Prompt: All entries are to be quoted exactly; the images stay out of the copy.

The data:
────────────────────

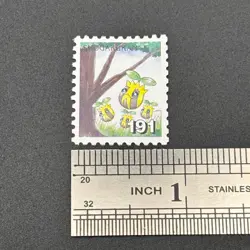 Sunkern Pokemon Stamp Card Shogakukan Nintendo Japanese TCG Vintage S316-86 - Image 2
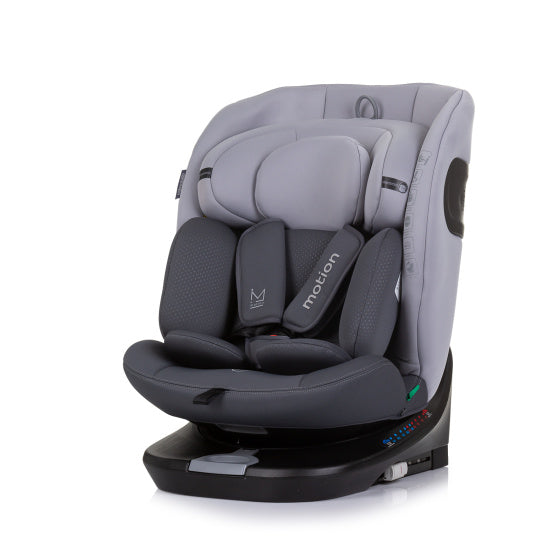 Chipolino bilsete I-størrelse 40-150 cm Isofix 360 ° granittgrå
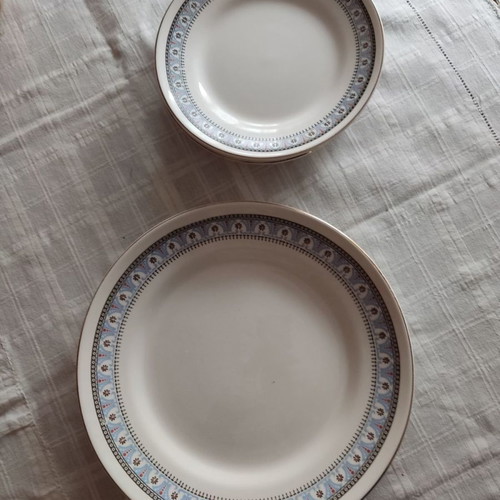 Vintage plates new with Chinese design, set of 5+1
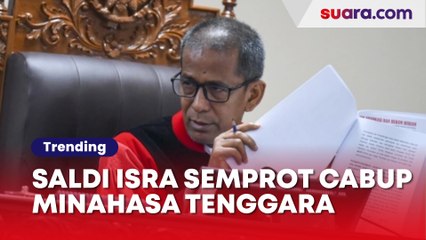 Merasa Dipermainkan, Hakim MK Saldi Isra Semprot Kubu Cabup Minahasa Tenggara: Apa Angguk-angguk Begitu?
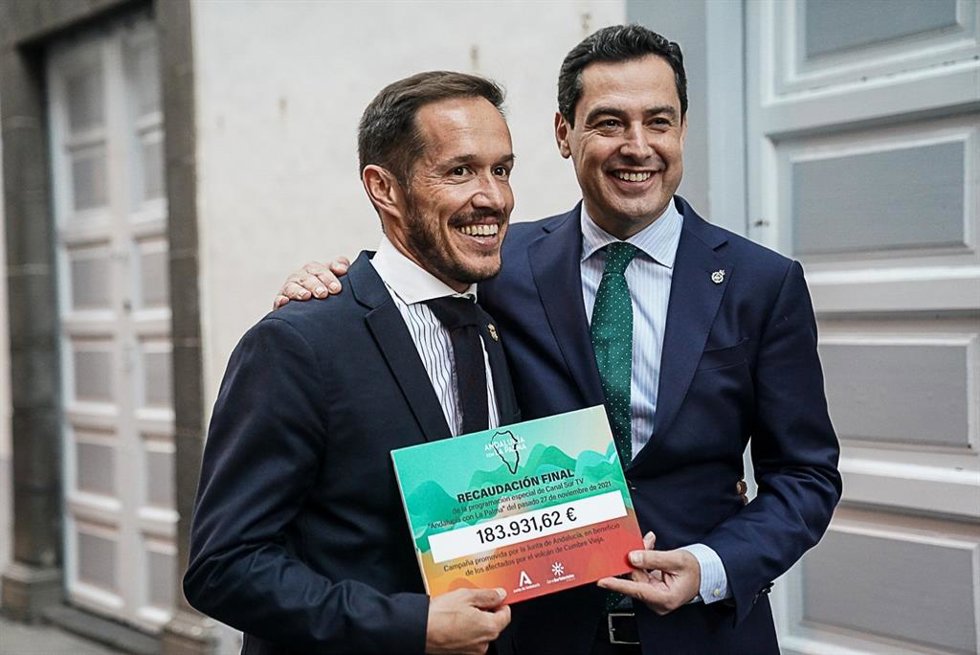 El presidente de la Junta de Andalucía, Juanma Moreno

────────────────────

Written response:
 Sunkern Pokemon Stamp Card Shogakukan Nintendo Japanese TCG Vintage S316-86 - Image 2
 Chipolino bilsete I-størrelse 40-150 cm Isofix 360 ° granittgrå
 Vintage plates new with Chinese design, set of 5+1
 Merasa Dipermainkan, Hakim MK Saldi Isra Semprot Kubu Cabup Minahasa Tenggara: Apa Angguk-angguk Begitu?
 El presidente de la Junta de Andalucía, Juanma Moreno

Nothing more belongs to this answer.